Your job is to return the whole listing unchanged while skipping its images.

_RECORDED INFORMATION_
=== Begin Enclosure ===

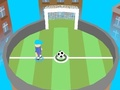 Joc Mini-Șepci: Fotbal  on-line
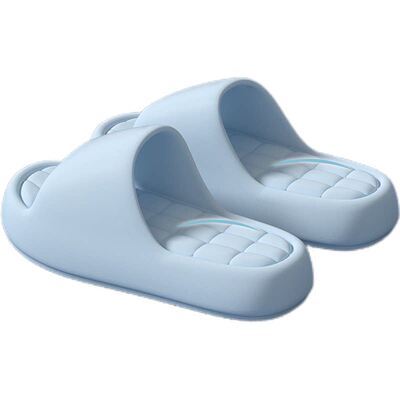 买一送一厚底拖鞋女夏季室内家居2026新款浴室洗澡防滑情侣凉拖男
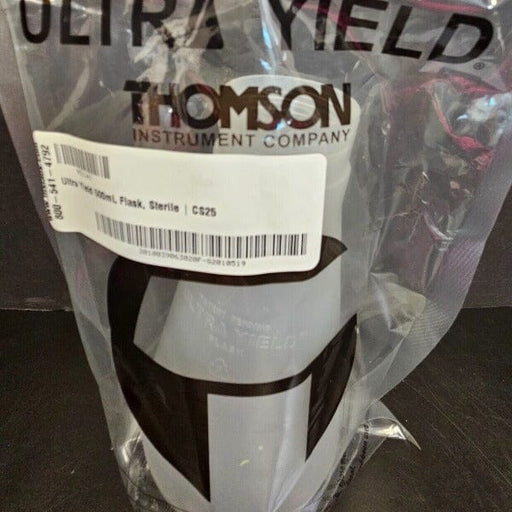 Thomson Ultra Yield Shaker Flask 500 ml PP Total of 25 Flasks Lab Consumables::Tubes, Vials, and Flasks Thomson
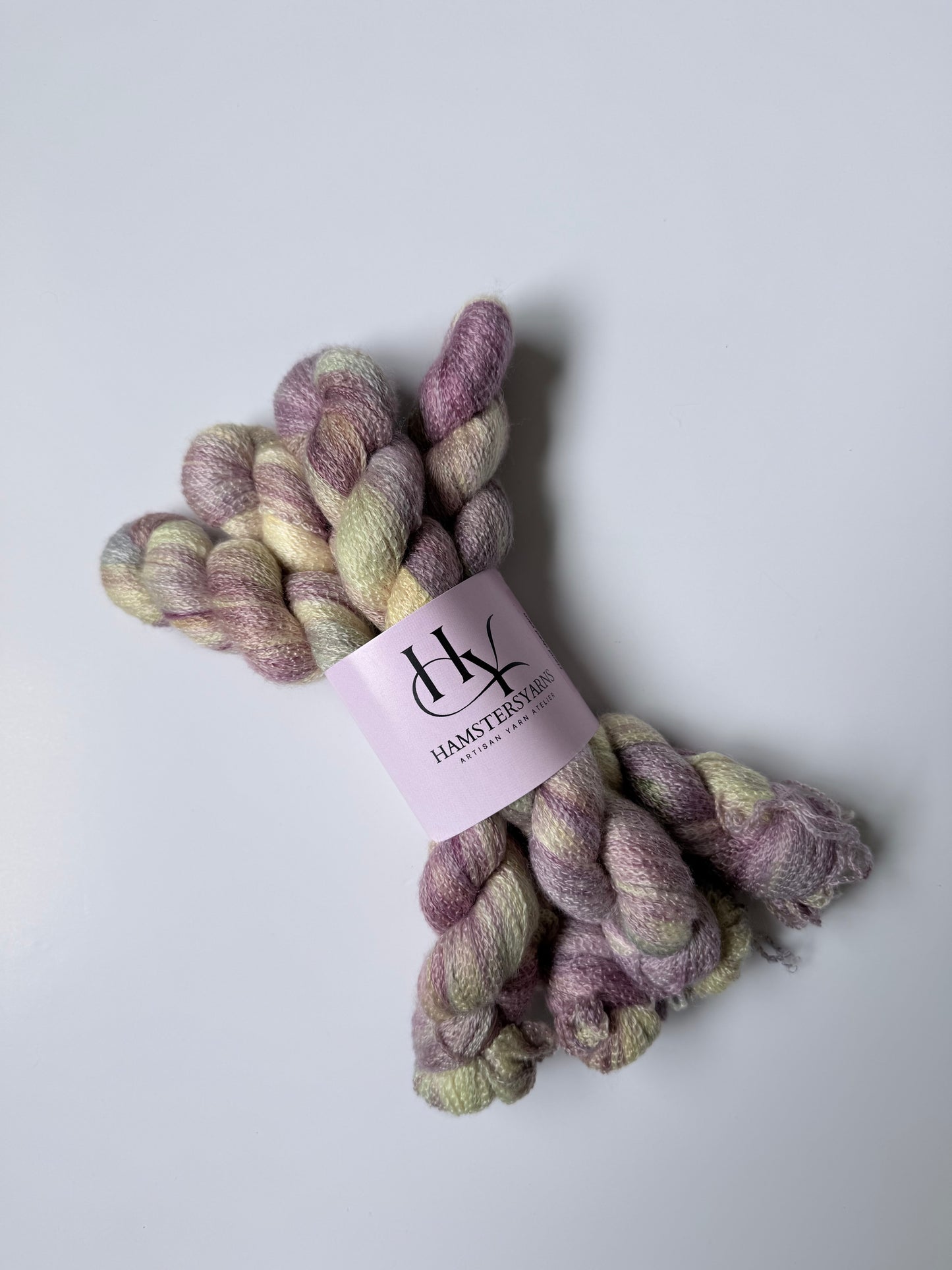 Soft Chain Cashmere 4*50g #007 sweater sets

=== End Enclosure ===

_EXERCISE SOLUTION_
 Joc Mini-Șepci: Fotbal  on-line
 买一送一厚底拖鞋女夏季室内家居2026新款浴室洗澡防滑情侣凉拖男
 Thomson Ultra Yield Shaker Flask 500 ml PP Total of 25 Flasks Lab Consumables::Tubes, Vials, and Flasks Thomson
 Soft Chain Cashmere 4*50g #007 sweater sets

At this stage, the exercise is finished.